Je suis encore un peu intimidée et n’ose pas passer dans les rangs, sauf pour distribuer des copies.

Parfois, je m’y efforce tout de même et me crée une épreuve : Voici un cours de grammaire et le moment où je dicte une théorie : ” La subordonnée relative commence par…. ”

Les élèves sont penchés sur leurs feuilles ; j’en profite donc pour arpenter la classe, mais regagne vite mon bureau.

Les élèves sont obéissants, travaillent, écoutent. On entendrait les mouches voler…C’est parfait,

Jusqu’au jour où, alors que je viens de donner à faire un exercice et suis moi-même absorbée par la suite à donner à mon cours, je vois un élève se lever tranquillement, passer devant mon bureau, puis aller donner une gifle magistrale à un autre. Personne ne bronche. L’agressé ne réplique pas. Je balbutie : ” Mais, que faites-vous ? ”

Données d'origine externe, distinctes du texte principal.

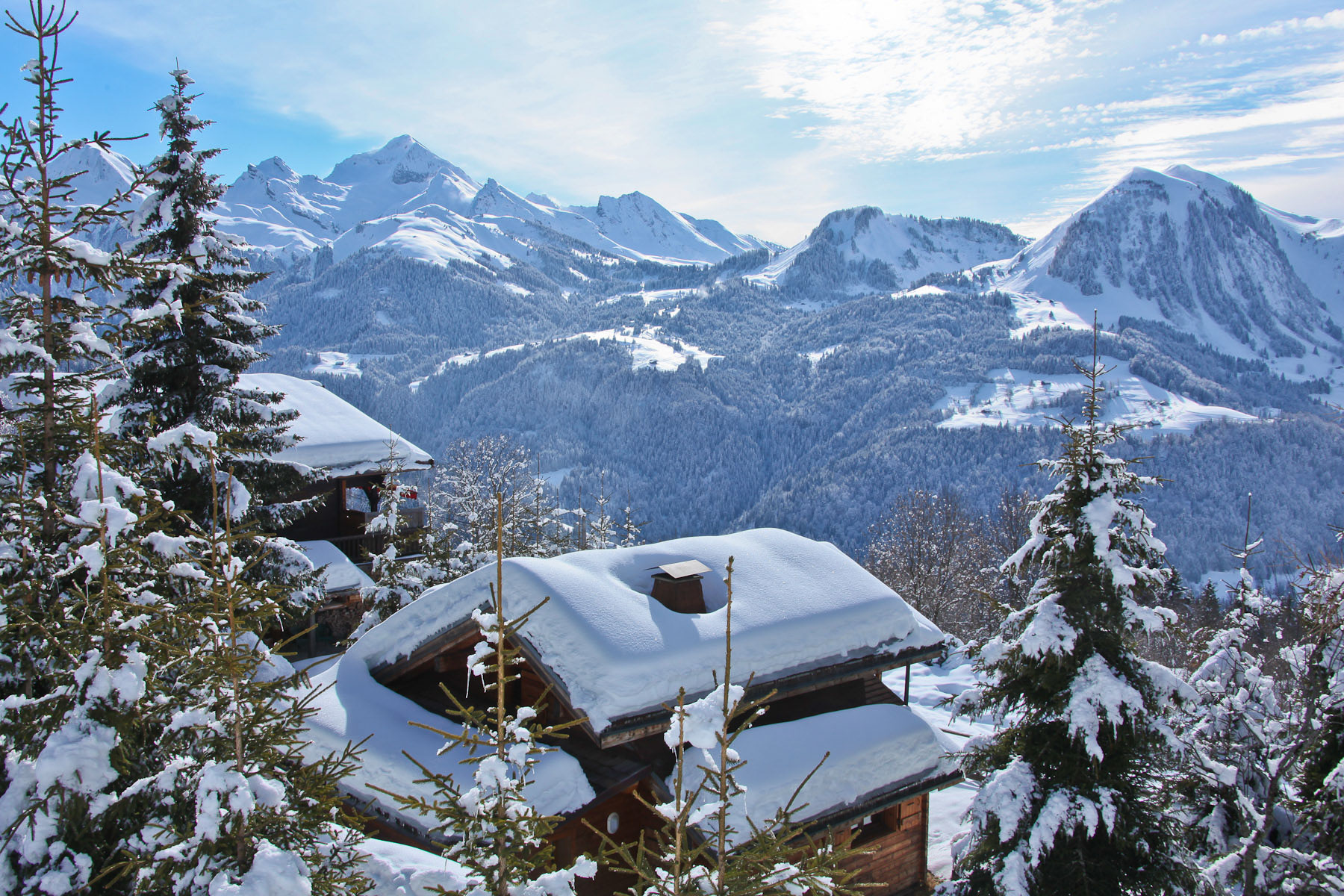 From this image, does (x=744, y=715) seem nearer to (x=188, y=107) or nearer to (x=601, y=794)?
(x=601, y=794)

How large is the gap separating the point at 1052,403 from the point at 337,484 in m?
158

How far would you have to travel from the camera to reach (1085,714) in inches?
312

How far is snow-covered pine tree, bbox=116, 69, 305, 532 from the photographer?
34.9ft

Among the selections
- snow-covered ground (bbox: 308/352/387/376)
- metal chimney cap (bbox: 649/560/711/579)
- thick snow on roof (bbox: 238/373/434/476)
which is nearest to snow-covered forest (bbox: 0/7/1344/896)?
thick snow on roof (bbox: 238/373/434/476)

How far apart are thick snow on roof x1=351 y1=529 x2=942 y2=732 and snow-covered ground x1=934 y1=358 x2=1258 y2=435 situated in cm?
12990

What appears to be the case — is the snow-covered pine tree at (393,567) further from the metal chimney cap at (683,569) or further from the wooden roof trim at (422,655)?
the metal chimney cap at (683,569)

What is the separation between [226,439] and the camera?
33.5ft

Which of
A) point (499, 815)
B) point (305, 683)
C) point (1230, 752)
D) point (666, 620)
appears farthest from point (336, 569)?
point (1230, 752)

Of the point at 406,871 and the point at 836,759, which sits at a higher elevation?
the point at 406,871

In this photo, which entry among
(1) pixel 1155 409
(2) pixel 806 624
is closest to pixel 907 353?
(1) pixel 1155 409

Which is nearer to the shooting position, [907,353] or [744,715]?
[744,715]

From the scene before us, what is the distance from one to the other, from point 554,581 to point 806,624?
3.59m

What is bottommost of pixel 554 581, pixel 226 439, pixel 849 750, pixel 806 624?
Result: pixel 849 750

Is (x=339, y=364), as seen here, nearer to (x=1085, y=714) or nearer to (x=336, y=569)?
(x=336, y=569)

-Madame, je l’ai frappé car il a insulté ma mère.

-Je comprends, mais vous auriez pu régler votre différent à la sortie. Là, vous avez perturbé la classe, je ne peux pas l’accepter. Donc, je vais vous punir pour cela.

-Oui madame, je comprends.

Explication mutuelle. Point final.

Il ne faut pas imposer sans expliquer, sans avoir l’adhésion de l’élève. Même s’il s’agit d’une punition, celle-ci doit être comprise et admise comme le règlement d’une faute qui permet ensuite de se libérer et d’aller de l’avant.

Sinon, dans cette classe, tout se passait bien, dans un silence respectueux.

Pourtant, j’aurais pu craindre des débordements. Mon directeur m’avait mise en garde contre un grand Congolais de dix-huit ans qui se trouvait en troisième, et avait agressé son prof de Français – un homme – l’année précédente. Au début, donc je n’en menais pas large. Eh bien pour moi, ce fut un élève modèle, sage et travailleur, réussissant bien. Quel problème, et de quel ordre y avait-il eu entre eux pour qu’il ait réagit ainsi ? Je l’ignore.

La rigueur est nécessaire. L’autorité, ce n’est pas imposer tout et n’importe quoi sans conteste. Elle passe d’abord par le respect de l’autre, l’appréciation de chacun et parfois l’empathie. Elle doit toutefois

exister pour transmettre des savoirs et faire passer les règles.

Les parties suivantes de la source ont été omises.